TASK
Character for character, transcribe the entries below, minus the images.

SUPPLIED MATERIAL
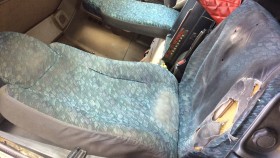 内装後方シート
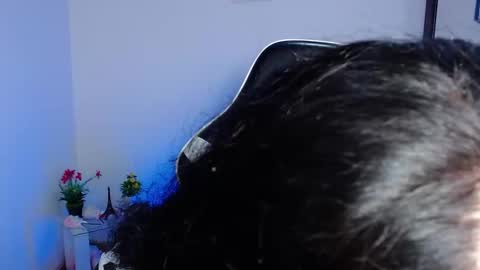 Danna online show from 1, 3, 2025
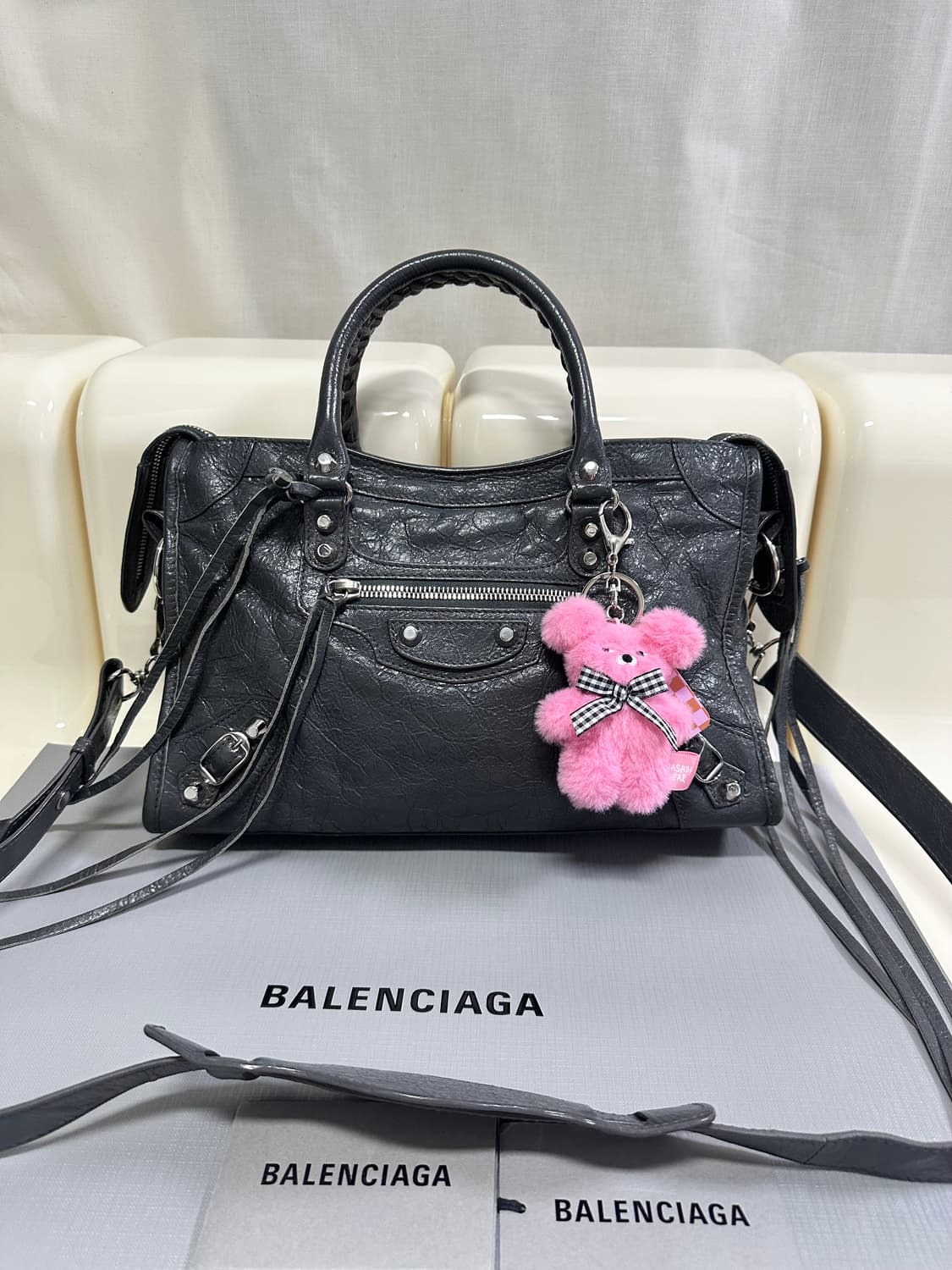 [A+ 정품] 발렌시아가 시티 모터백 스몰 다크그레이 상품이미지7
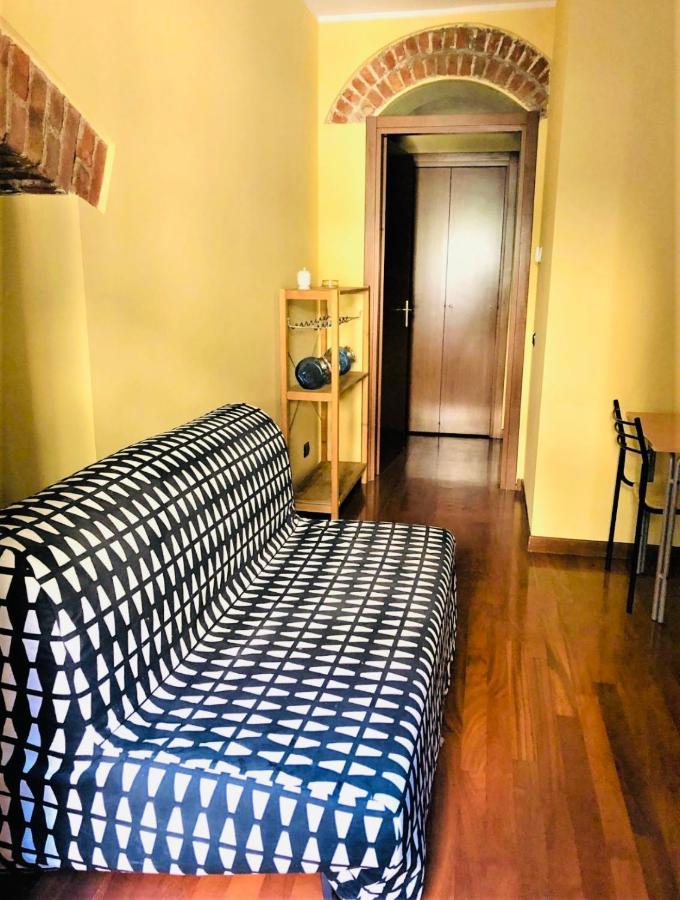Bilocale Zona Centro Apartman Milánó Kültér fotó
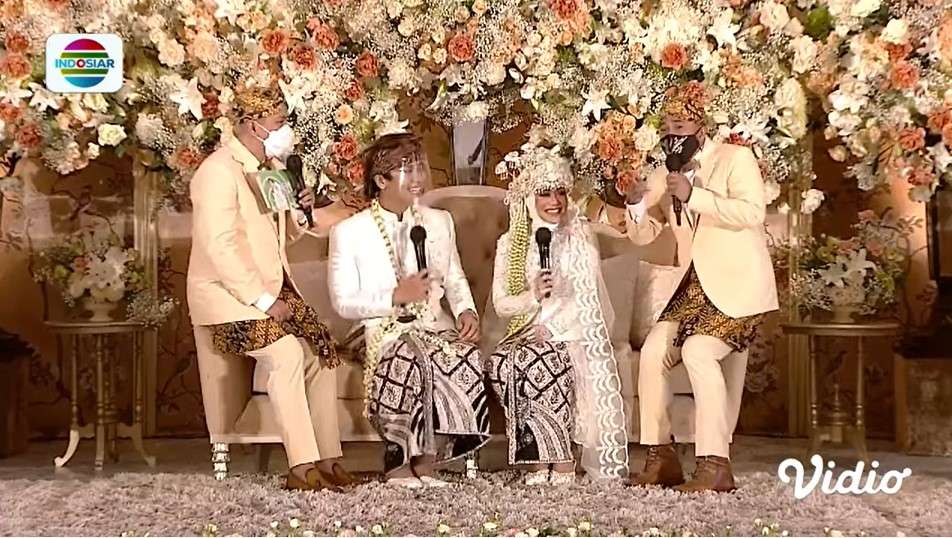 Rizky Billar dan Lesti Kejora resmi menikah Rizky Billar dan Lesti Kejora resmi menikah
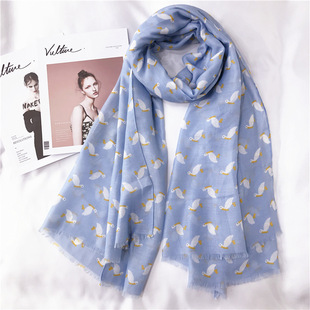 春秋韩版粉蓝色可爱鹈鹕图案长款棉麻围巾防晒披肩多功能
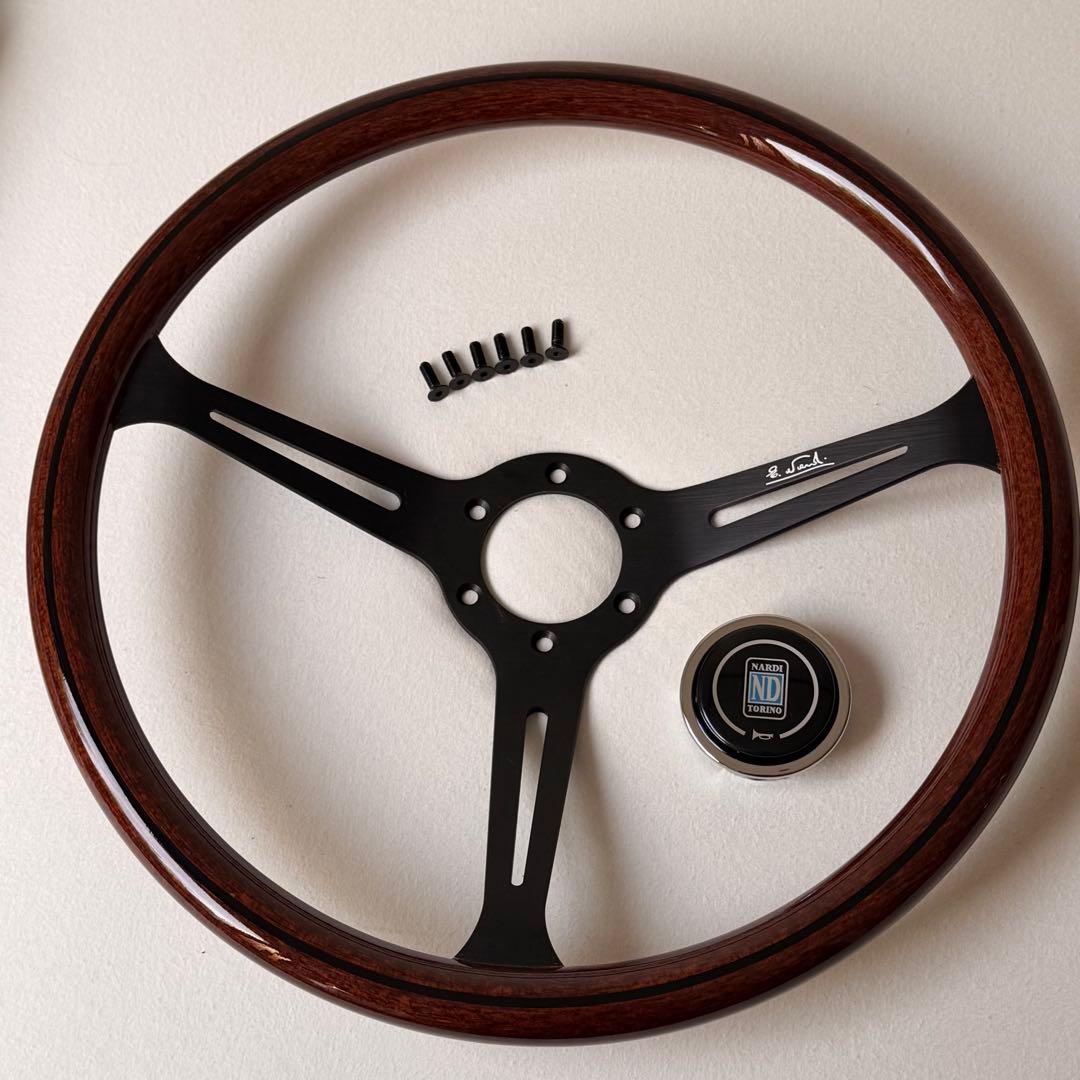 ナルディクラシックウッド ステアリング 15インチ 美品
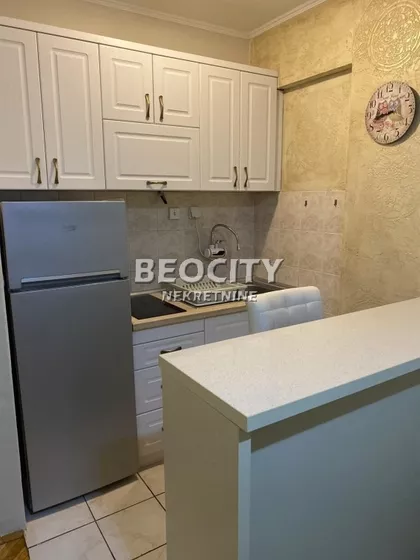 Bulevar Oslobođenja | 4zida.rs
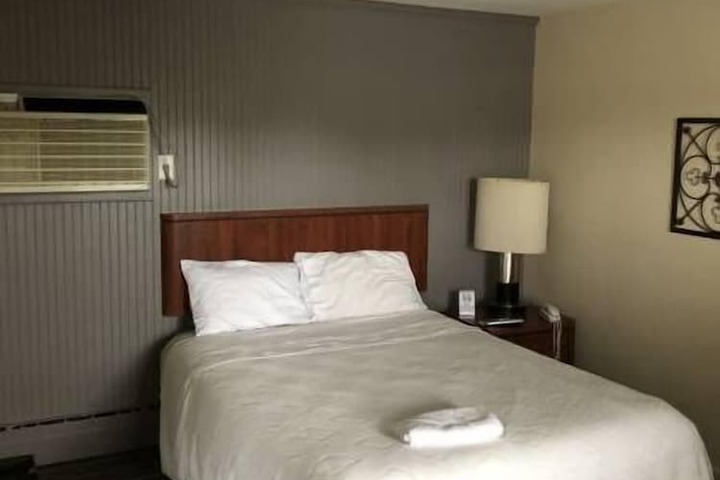 1 King Bed (1 of 7)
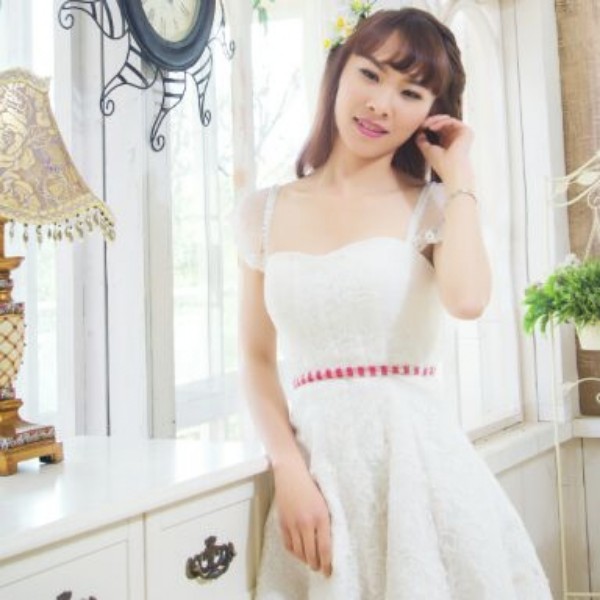 殷勤美女的照片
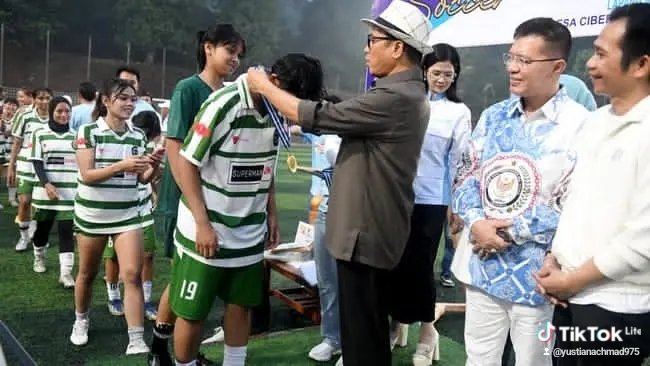 IanLafare's tweet photo. Menteri Desa PDT *Yandri Susanto*  menilai lomba sepak bola antar-RT/desa dapat menggerakkan ekonomi lokal, mengembangkan potensi olahraga dan wisata desa. Kemendes PDT juga menyiapkan Liga Desa Nasional 2027 di Kabupaten Mojokerto sebagai wadah menggali talenta muda desa, https://t.co/dv1VwrL7eL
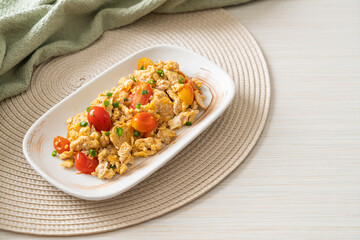 stir-fried tomatoes with egg on plate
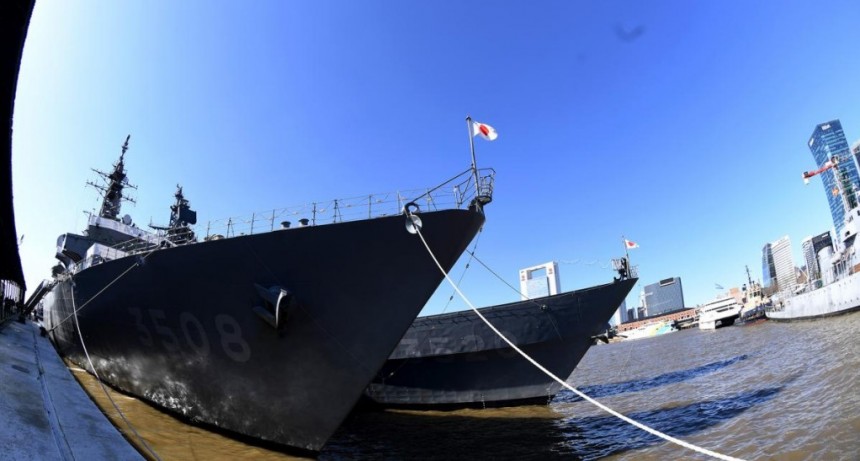  Dos buques japoneses en viaje de instrucción podrán visitarse en Puerto Madero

WRITTEN RESPONSE
 内装後方シート
 Danna online show from 1, 3, 2025
 [A+ 정품] 발렌시아가 시티 모터백 스몰 다크그레이 상품이미지7
Bilocale Zona Centro Apartman Milánó Kültér fotó
 Rizky Billar dan Lesti Kejora resmi menikah Rizky Billar dan Lesti Kejora resmi menikah
 春秋韩版粉蓝色可爱鹈鹕图案长款棉麻围巾防晒披肩多功能
 ナルディクラシックウッド ステアリング 15インチ 美品
 Bulevar Oslobođenja | 4zida.rs
 1 King Bed (1 of 7)
 殷勤美女的照片
 IanLafare's tweet photo. Menteri Desa PDT *Yandri Susanto*  menilai lomba sepak bola antar-RT/desa dapat menggerakkan ekonomi lokal, mengembangkan potensi olahraga dan wisata desa. Kemendes PDT juga menyiapkan Liga Desa Nasional 2027 di Kabupaten Mojokerto sebagai wadah menggali talenta muda desa, https://t.co/dv1VwrL7eL
 stir-fried tomatoes with egg on plate
  Dos buques japoneses en viaje de instrucción podrán visitarse en Puerto Madero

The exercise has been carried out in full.